I like the how the Contour matches my riser, asthetically. But somehow it feels hollow, I might put it on my compound bow and get a new one for recurve. So I'm in the market for a new stabilizer.
any advice on what model to get? 
and just curious anyone has experience with Arctec ProXXL?


----------



## GoldArcher403 (Jun 25, 2014)

I once spoke to Sjef Vandenburg about Arctec rods. He says they are very stiff and are excellent for vibration dampening. They are a little thick for my liking however.

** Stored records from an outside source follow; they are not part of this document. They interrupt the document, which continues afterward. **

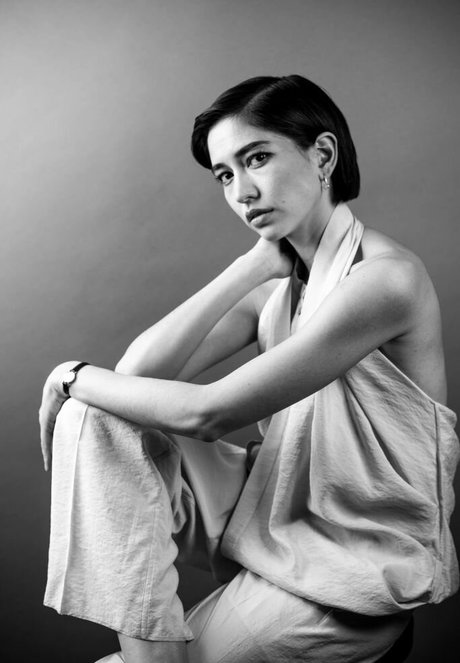 Sonoya Mizuno model porn photo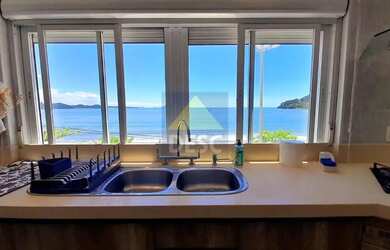 Imagem 7: Apartamento frente mar para locação anual em Balneário Camboriú -...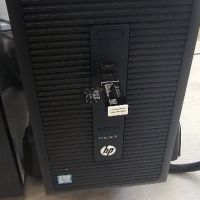 Продавам геймърски компютър Hp Pridesk 600 G1 MT, снимка 1 - Геймърски - 45915034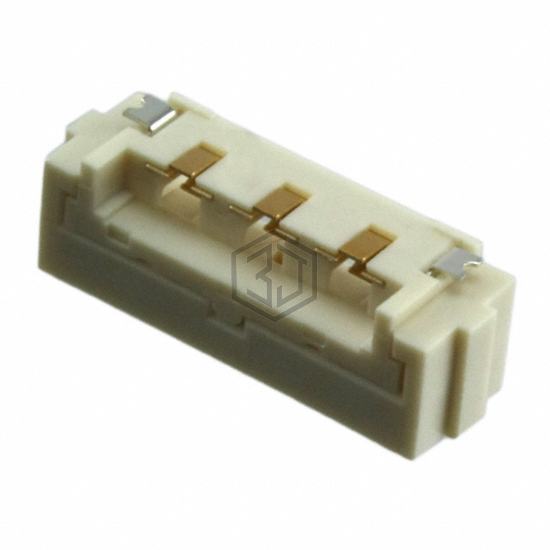 229159003101116 - KYOCERA AVX - Solid State Lighting Connectors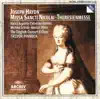 Haydn: Missa Sancti Nicolai, Theresienmesse album lyrics, reviews, download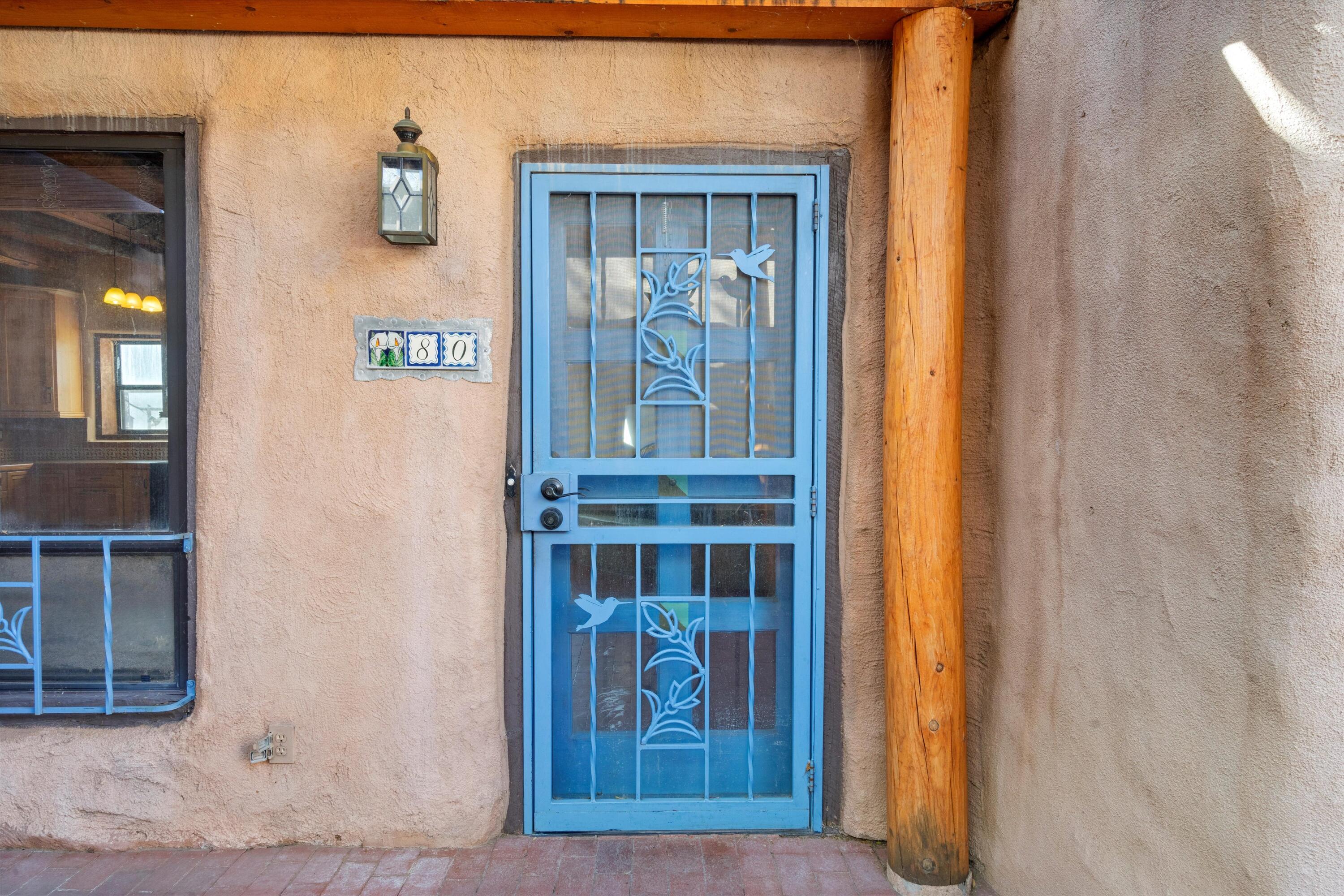 3939 Rio Grande Boulevard #80, Albuquerque, New Mexico image 6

I would say Doinker is a good alternative but if you dont want to drop $400-$500 on those, take a look at the Win&Win brand stabilizers.


----------



## Kyudo Novice (Sep 9, 2014)

What's your draw weight?
What length front and sides?
How many ounces are you placing at each end (front & sides?
Do you switch front rods on windy days or just use one rod for everything? 
Are you using an up damper?...how many ounces? Down dampener?


----------



## chrstphr (Nov 23, 2005)

Fiberbow stabs or HMC Win Win stabs would be my recommendations.


Chris


----------



## Astroguy (Oct 11, 2013)

Many like their HMC. I went for a Shrewd 600 pro rather than a Doinker Avancee


----------



## phallenthoul (Aug 21, 2016)

current limbs are long 32#, actual draw weight should be a bit lower at #30-31. But I might be moving up very soon.
4oz on Contour front, 2oz on ZFlex left, none on ZFlex right. 
I'm doing only in door training. no I dont use any dampers. Nano Max and Wiawis one are both very quiet.


----------



## sdcoyote (Oct 19, 2016)

Another vote for HMC!


----------



## phallenthoul (Aug 21, 2016)

thanks for all your input. I might end up getting a Nano ACS or HMC22. But just curious if there are other models worh looking into..
Doinker has had good reviews generally, but the carbon weave finish always reminds me of cheesy Chinese carbon seatposts or flat bars for bikes..


----------



## fitadude (Jul 15, 2004)

I use both HMC22 and Bee Stinger premiums. I like both. I do like the slimness of the Bee stingers. Just remember you may have weights that fit the Win Wins. Bee stingers will add more cost due to the weights.


----------



## Captain Kirk (Sep 11, 2016)

phallenthoul said:


> But just curious if there are other models worh looking into..


Don't forget Fivics.
https://pbs.twimg.com/media/Cr5ljpuVMAAwquV.jpg

Most Korean shooting no W&W bows bows go with Fivics stabilizers.
And MK Korea has stabilizers in their pipeline. Some Prototypes have been around in torunaments this year.


----------



## GoldArcher403 (Jun 25, 2014)

Khatuna Lorig is using the w&w Nano ACS rods and added stacks of Doinker weights to them. Curious if they experience much flex. Super tempted to buy a set but the lower cost makes me question their rigidity vs. My B-stingers. Not to mention Win&Win has been teasing that they have a new model from their 2017 product line. B-stinger is losing my business due to their quality control dropping considerably over the years :/


----------